How to Practice Kumbhaka

Please note: This practice should only produce positive results. Stop immediately if you feel disquieted in any way. Let your breath return to a natural rhythm. You may try again after a few moments of relaxation.

Practice kumbhaka at any convenient time. If you’re using the technique for a specific purpose, consider using it at the right time for that purpose. For example, if you want to enjoy a deeper and more focused meditation, start kumbhaka a few minutes before your meditation practice.

The actual technique is very simple: inhale for a few counts, hold your breath for the same number of counts, and exhale for double the amount of counts. For example, inhale and count to four. Then hold your breath and count to four again; then exhale and count to eight.

Use a timer to control the period of your practice. Start with just a few minutes.
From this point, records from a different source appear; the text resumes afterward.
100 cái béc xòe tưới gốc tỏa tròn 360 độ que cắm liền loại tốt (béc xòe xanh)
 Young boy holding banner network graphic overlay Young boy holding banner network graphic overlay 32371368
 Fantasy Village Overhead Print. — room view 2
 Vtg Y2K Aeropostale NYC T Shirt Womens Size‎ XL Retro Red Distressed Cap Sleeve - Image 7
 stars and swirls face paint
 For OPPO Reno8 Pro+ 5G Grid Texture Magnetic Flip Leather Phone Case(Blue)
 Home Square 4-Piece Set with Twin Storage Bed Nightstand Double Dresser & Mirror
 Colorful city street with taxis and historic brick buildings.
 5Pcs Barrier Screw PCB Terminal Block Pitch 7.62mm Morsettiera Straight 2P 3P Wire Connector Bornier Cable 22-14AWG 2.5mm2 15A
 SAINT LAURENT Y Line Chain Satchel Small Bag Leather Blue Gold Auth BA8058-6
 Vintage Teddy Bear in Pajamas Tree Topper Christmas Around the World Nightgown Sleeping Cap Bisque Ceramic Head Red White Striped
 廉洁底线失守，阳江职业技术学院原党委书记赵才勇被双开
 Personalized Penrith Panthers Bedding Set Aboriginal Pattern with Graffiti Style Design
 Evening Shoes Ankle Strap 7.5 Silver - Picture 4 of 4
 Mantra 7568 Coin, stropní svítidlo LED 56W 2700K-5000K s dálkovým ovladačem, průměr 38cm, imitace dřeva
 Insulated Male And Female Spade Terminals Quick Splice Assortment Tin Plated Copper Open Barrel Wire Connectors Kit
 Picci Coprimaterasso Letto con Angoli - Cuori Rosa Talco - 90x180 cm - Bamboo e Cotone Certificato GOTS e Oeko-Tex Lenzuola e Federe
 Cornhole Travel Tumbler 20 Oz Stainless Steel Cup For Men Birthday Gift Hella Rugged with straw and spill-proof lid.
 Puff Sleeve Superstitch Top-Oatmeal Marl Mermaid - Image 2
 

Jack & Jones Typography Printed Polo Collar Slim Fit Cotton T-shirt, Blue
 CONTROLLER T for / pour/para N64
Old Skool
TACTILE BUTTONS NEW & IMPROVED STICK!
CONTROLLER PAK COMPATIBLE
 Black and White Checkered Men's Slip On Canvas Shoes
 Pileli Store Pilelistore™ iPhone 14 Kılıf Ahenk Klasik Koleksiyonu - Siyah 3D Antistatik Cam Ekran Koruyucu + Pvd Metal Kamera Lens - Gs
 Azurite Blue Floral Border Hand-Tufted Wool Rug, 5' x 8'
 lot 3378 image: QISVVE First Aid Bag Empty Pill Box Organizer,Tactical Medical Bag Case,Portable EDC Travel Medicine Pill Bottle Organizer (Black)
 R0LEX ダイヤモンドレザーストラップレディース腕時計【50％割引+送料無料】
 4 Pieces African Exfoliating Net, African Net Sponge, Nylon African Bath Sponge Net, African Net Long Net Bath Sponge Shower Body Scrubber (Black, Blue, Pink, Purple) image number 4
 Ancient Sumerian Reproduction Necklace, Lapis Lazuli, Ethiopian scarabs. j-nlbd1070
Gradually increase the time as your body and mind adjust.

Some people feel uncomfortable in their initial practice of kumbhaka. There’s no reason to rush this practice. Be gentle with yourself. Again, breathe normally whenever breath control causes discomfort or anxiety.

Modern Help for an Ancient Technique

Many meditation apps include instruction, timers, and rhythmic sound to guide a breathing practice. I often use the app Calm. It offers three speeds of its feature Sleep Rhythm: Kumbhaka. These include voice guidance and a drum beat. Calm offers a free introductory week in which you can try its many features. The sections on breathing are my favorites, and I use them often.

Do you have previous experience with breath work that you can share with other readers? Please feel free to share in the comments section below.

And, above all—just keep breathing!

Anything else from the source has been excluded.